あれは30才の頃だったと思う。
以前にも書いたことなんだが、改めて記しておきたい。
当時、私はとある東洋医療の治療院で治療助手として働いていた。
院長は鍼灸師の有資格者で、その看板の下で仕事をしていたんだが、私自身が行っていたのは「民間療法」と呼ばれる類の施術だった。

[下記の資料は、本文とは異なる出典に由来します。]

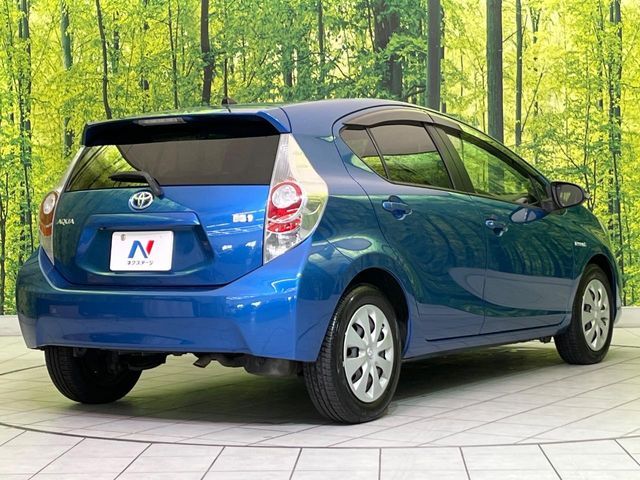 TOYOTA AQUA 2013 Image 31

私の腕は、当初はクソだったが、ある日から突然「何だか分かるぞ」みたいになっちゃって、そこからメキメキと腕を上げた。
患者さん達からの信頼は厚かった。
ある日、母親に連れられた3才ほどの女児が、患者としてやって来た。
私が担当で、施術室に入った。
彼女と目が合った瞬間、私の心が、もの凄く懐かしい気持ちに包まれた。
しかし、なぜそうなるのかが、全く分からない。
もの凄くビックリした。
それは彼女も同様であったようで、私を目に認めた瞬間、彼女の表情はウワァ~っという笑みに変わっていった。

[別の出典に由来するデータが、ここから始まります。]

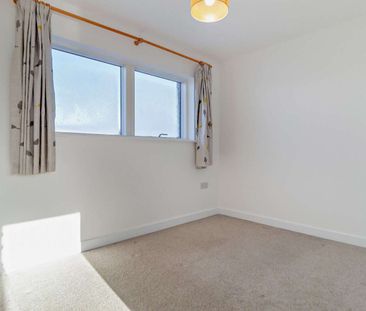 Well-presented four-double-bedroom property complete with three bat... - Photo 5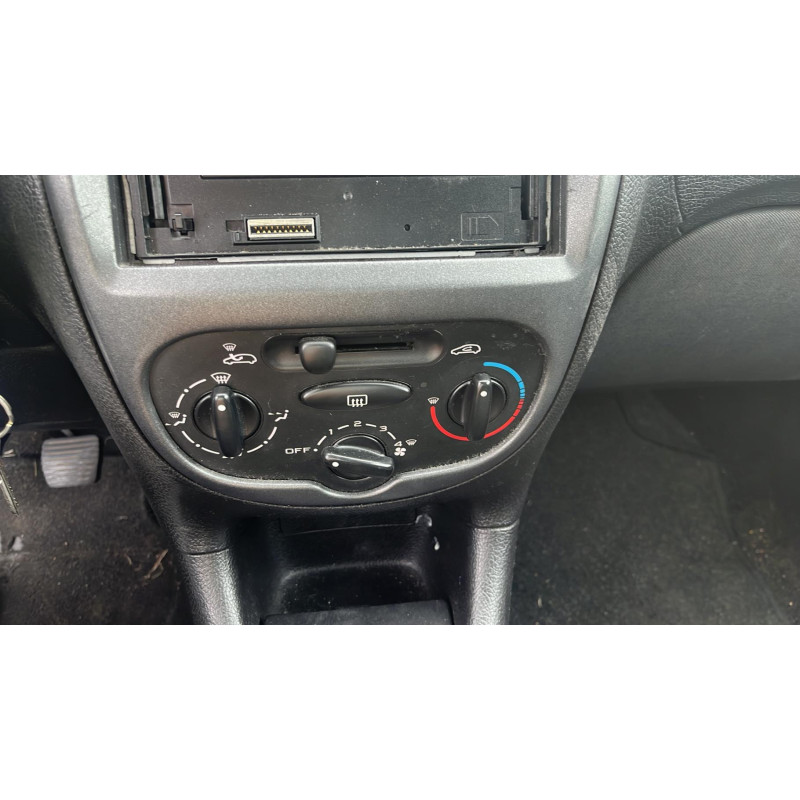 Bouchon de carburant PEUGEOT 206 Photo n°6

彼女の方がずっと幼い分、その反応はとても素直だった。
施術時間は、約15分。
私たちにとって、至福のひととき。
彼女は何度も何度も私の顔を見上げ、私の顔を見ては心から嬉しそうな顔をする。
私は私で、心の中では「何でこんなに嬉しいのだろう?」と戸惑いながらも、彼女のそうした仕草を目にできるのが、嬉しくて仕方がなかった。
私の心の中に、フッと言葉が浮かんだ。
良かったね!
本当に良かったね!
優しそうなお母さんのところ産まれて!
彼女の笑みに対して、私も満面の笑みで応えた。
言葉は一言も交わしていない。
言葉は、全く無用だった。
お互いの存在を確認できるだけで、嬉しくて、幸せで堪らなかった。
その後、院長の施術となり、一連の施術が終わって、母親と一緒に帰って行った。
これが最初で最後の来院となり、対面となった。
帰り際、医院の出口で私の姿を探す彼女の姿を、私は影からコッソリ見ていた。
決して彼女から私が見つからないように。
なぜそう思ったのかは分からないが、私の中には「もう二度と会うことはないのだから、ここで私が姿を見せることは、かえって彼女には酷となる」という直感が働いた。
だから私は、姿を隠した。
もちろん初対面である。
事前に、彼女や彼女の母親について、私は何も聞かされてはいない。
彼女と彼女の母親も、私がいるから治療院に来たのではない。
院長の腕がいいと人づてに聞いたからこそ来院したのであって、私に会うのが目的であったわけがない。
とても不思議で、素直に嬉しくて、心に深い感謝を覚える経験だった。
私はこの経験を、本当に心を許せる人だけには語ることがあるが、普段は決して口にはしない。
口にしたところで、相手に分かってもらえるとは思えないし、逆に私のことを「自意識過剰な変な奴」と思われるのが関の山。
だったら、語らない方がいい。
わざわざ語る必要もない。
私はこの不思議な経験を「ご褒美」だったんだと思っている。
具体的に「どうこう」と語れる事実は何もないのだが、私と彼女は間違いなく、いつかどこかで深い深い信頼の絆で結ばれた関係にあった。
きっとそうであったに違いないという確信だけはある。
そうでなければ、あの出会いの意味が説明できない。
現実にはとっくに説明不能な出来事なんだが、私の心の中で説明がつかないのだ。
彼女は新しい生を受け、一度だけ、私のところに挨拶に来てくださったのだ。
私は、そう、信じている。
いつだったのか、どこでだったのか、それは分からない。
でも、確かに私と彼女は、深い縁(えにし)で結ばれた関係であったに違いない。
きっと、同じ目的を共有する二人だったのだろう。
私の方が、彼女に深く助けてもらっていたのかも知れない。
二人で一人、みたいな人生劇を演じていたのではないか。
私には、そう思われてならない。
彼女はもう、20代後半になられていることだろう。
以前は深い縁(えにし)で結ばれた人生だったのだろうが、今回は違うようだ。
お互い、ちょっとだけ違う目的のために、立場を変え、役割を変え、もしかしたら性別までも変えて、生まれ落ちたのかも知れない。
そして「私もやってきたよ」と、私のもとに挨拶に来てくださったのだろう。
会うことは叶わないが、会う必要もないとも思っている。
彼女はきっと、彼女らしい人生をおくられるに違いない。
生を越えて心が響き合うほどの縁(えにし)とは、どれほどのものだったのだろうか。
全く想像の埒外だ。
そして今生にも、そのような縁(えにし)があるのだろう。
その序章としての、彼女との出会いでもあったのだろうと思っている。
どれほどの人生劇を演じれば、生を越えて心が響き合うような人生を謳歌できるのか。
まこと、そのような人生を演じてみたいものだと、私は心から念願する。